(Items from a dataset)
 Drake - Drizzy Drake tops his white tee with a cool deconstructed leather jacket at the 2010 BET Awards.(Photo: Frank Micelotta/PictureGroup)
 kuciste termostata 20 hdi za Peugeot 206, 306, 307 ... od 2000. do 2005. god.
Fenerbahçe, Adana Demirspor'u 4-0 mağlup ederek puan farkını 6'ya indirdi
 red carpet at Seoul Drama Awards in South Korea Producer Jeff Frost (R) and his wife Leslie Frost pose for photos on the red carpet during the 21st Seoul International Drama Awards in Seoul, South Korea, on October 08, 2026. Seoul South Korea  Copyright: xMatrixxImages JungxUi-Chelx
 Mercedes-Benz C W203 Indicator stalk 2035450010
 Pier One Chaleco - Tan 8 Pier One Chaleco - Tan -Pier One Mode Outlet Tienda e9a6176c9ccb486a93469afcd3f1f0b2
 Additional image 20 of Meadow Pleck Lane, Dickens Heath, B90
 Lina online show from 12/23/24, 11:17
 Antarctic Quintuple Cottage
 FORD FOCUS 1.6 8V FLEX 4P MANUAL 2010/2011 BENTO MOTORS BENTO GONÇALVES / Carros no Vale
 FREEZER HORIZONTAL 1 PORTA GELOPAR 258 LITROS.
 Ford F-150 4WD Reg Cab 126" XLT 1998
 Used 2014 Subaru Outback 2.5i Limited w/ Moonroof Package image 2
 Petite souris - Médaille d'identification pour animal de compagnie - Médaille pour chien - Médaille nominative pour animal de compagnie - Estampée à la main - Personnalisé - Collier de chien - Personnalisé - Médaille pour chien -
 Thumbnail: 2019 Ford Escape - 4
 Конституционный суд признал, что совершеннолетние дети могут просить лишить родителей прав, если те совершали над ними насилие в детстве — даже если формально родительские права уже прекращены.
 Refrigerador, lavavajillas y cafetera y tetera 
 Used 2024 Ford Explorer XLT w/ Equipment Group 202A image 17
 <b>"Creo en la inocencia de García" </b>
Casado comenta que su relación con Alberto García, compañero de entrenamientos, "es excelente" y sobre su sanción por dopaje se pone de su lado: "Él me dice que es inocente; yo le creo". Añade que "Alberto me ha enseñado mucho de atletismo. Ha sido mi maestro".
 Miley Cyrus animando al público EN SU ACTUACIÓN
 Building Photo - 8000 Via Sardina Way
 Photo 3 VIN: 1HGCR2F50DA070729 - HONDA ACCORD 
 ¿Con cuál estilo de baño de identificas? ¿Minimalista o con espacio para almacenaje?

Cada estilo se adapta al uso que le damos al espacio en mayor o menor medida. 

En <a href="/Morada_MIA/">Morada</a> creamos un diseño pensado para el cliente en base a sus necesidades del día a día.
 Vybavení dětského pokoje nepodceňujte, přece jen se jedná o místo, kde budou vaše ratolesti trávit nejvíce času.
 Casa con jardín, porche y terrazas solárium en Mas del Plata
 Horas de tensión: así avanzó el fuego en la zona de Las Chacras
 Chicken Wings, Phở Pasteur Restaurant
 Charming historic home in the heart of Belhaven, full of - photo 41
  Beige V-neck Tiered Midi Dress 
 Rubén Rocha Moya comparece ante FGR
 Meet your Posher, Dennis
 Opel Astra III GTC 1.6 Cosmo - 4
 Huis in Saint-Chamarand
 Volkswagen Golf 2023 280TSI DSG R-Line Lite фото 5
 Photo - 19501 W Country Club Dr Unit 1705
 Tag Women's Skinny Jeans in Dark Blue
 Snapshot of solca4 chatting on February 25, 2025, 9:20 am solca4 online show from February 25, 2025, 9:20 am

**Task details**: Line tally for "show": say how many lines of the records above contain it, and give nothing but the number.

**Solution to this exercise**: 2